This business contributed about 3.4% to the Companys corporate turnover. The revenues crossed 1,310 million a growth of 28.7% YoY. The Company spent 104 million on Capex during the year under review.

iii) Opportunity & Outlook

Many State Governments are evincing keen on promoting tissue culture. The Company is planning to focus on untapped segment of the markets which contains big scope for the Company to grow further. The monsoon was very good this year and this has helped to boost the demand for the plantlets.

iv) Risks & Challenges

Some of the challenges faced by the industry are short shelf life and stringent quality requirements. However, there is need for proper management of operations by selected alternatives for costly inputs and thrust on developing indigenous varieties with enhanced traits, resulting in improvement of sustainability.

[B] Plastic Products

The segment business includes the varied business lines like PVC Pipe, PE pipes and PVC Sheets for industrial applications.
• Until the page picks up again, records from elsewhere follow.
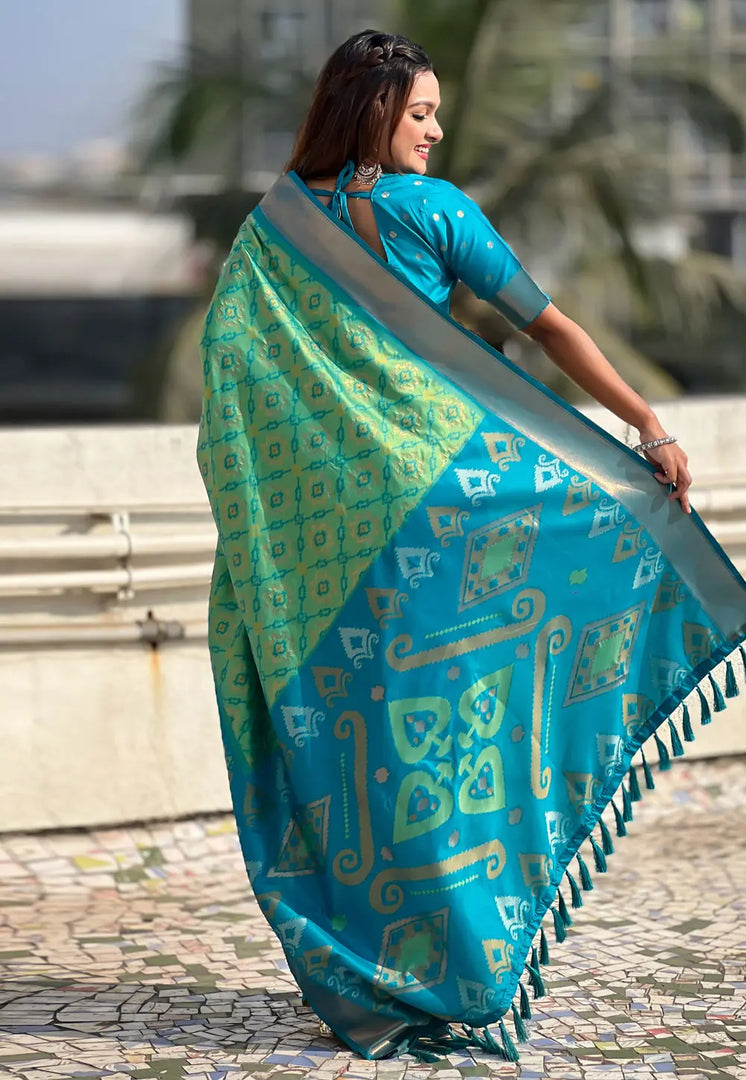 Sea Green Silk Patola Saree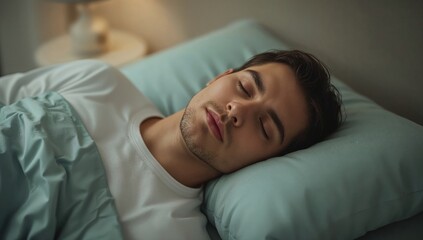 Peaceful young man sleeping comfortably in bed with relaxed expression and soft blue bedding at night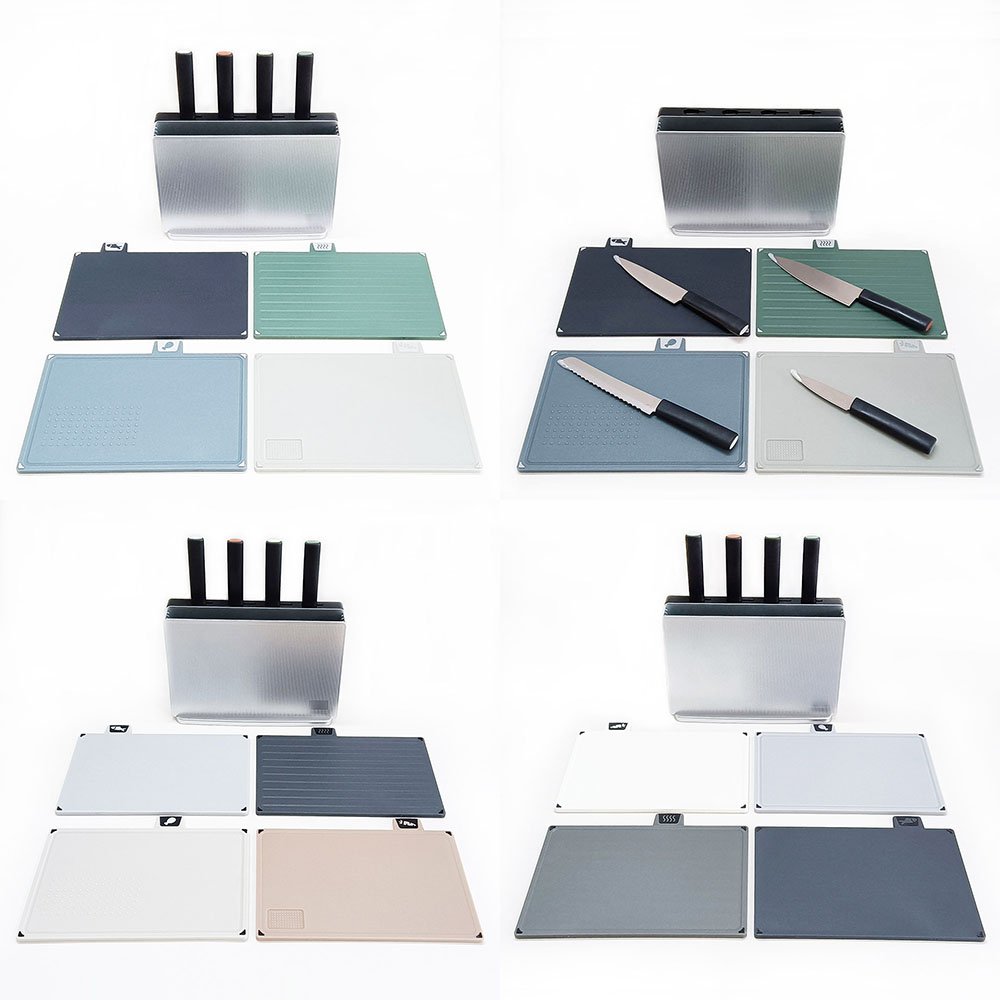 9-Piece Color Coded Cutting Board Set with Knives & Holder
Revenue from domestic business of our Plastic division has increased by 10% in FY 2017 to 15,110 million from 13,731 million in FY 2016. The revenue from export of Plastic products has decreased by 34.4% in FY 2017 to 1,285 million from 1,960 million in FY 2016. The capacity addition during FY 2017 was 13,280 MTpa at a cost of 307 million.

a) PVC Piping

i) Indian Industry Scenario

According to experts, the Indian plastic pipes industry has crossed the worth of 220 billion and has been growing in the range of 10-12% CAGR over the last five

years. The growth has been led by increasing usage of PVC/CPVC pipes in construction activities, a shift from the conventional galvanized iron pipes to plastic pipes, replacement demand, irrigation, and real estate growth in Tier 2 and 3 cities. It is expected that growth will accelerate to 12-15% CAGR over the next five years given the Government of Indias emphasis on housing, sanitation, and irrigation. 70% of the demand arises from residential use of plastic pipes, and 30% of the plastic pipe demand comes from commercial use. Notable trends include new products such as low noise pipes, septic tanks and column pipes.

ii) Performance

During FY 2017, this business contributed about 21.4% to the Companys turnover. The revenues remained marginally low at 8,267 million as compared to the last years level of 8,402 million.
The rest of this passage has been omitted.